● Your goal:
What you return must be the data below, word for word, without any images.

● Data section:
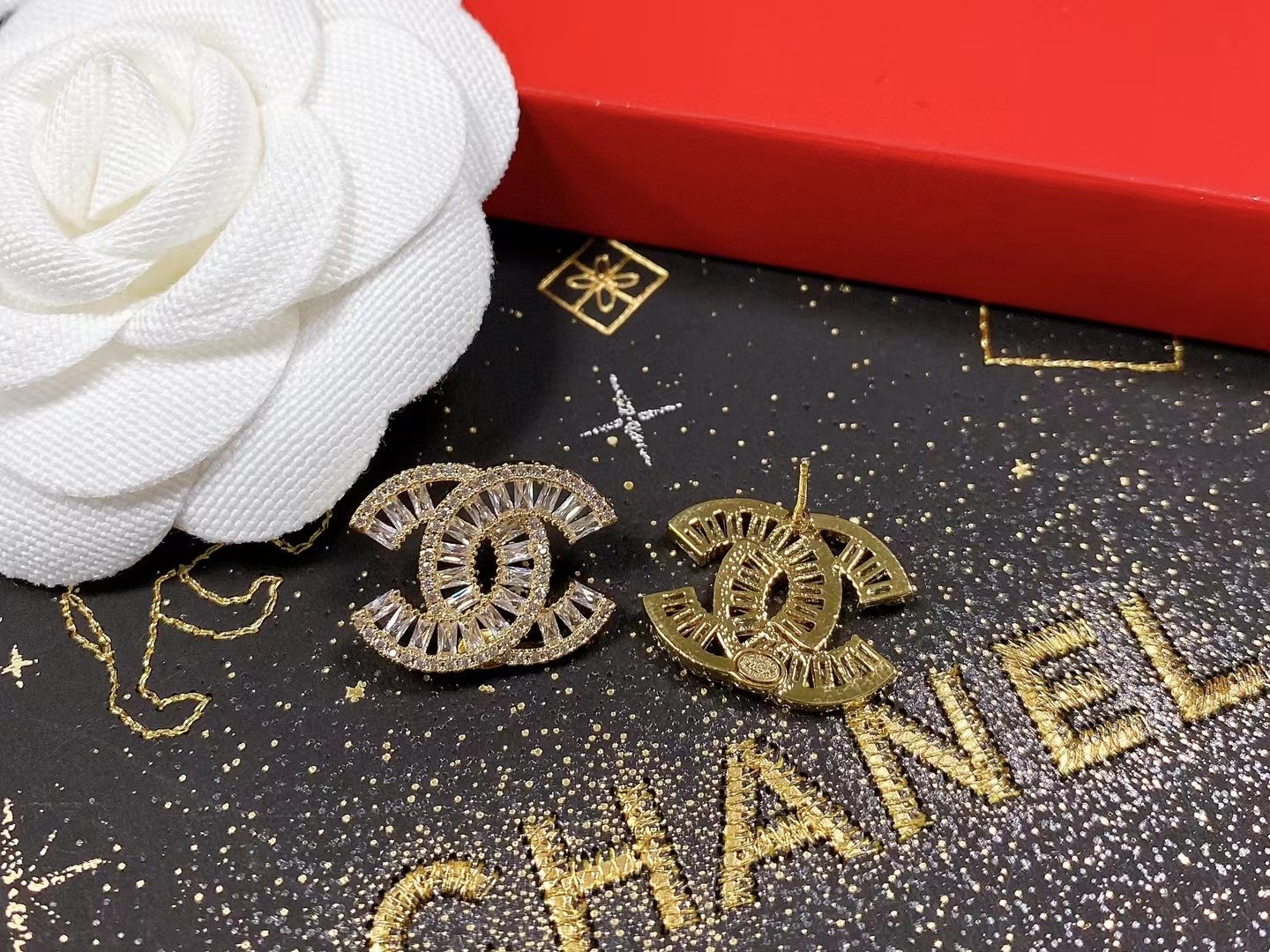ch**el square D1am0nd earring 01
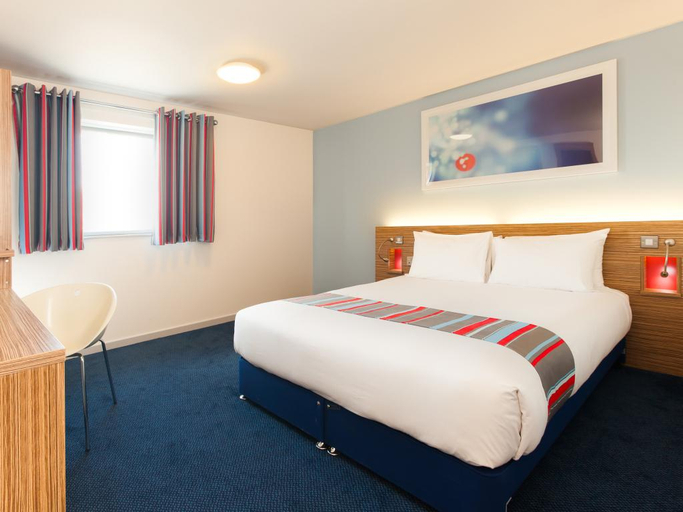 Bedroom 5, Travelodge Holyhead, Gwynedd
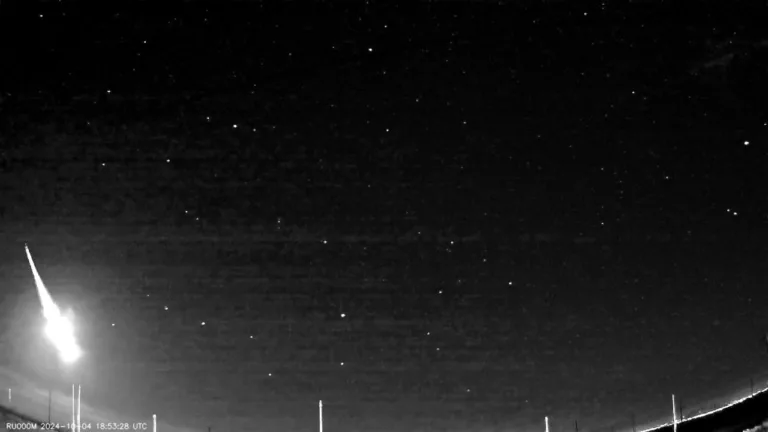 Яркий метеор пролетел над Краснодаром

● Answer area:
ch**el square D1am0nd earring 01
 Bedroom 5, Travelodge Holyhead, Gwynedd
 Яркий метеор пролетел над Краснодаром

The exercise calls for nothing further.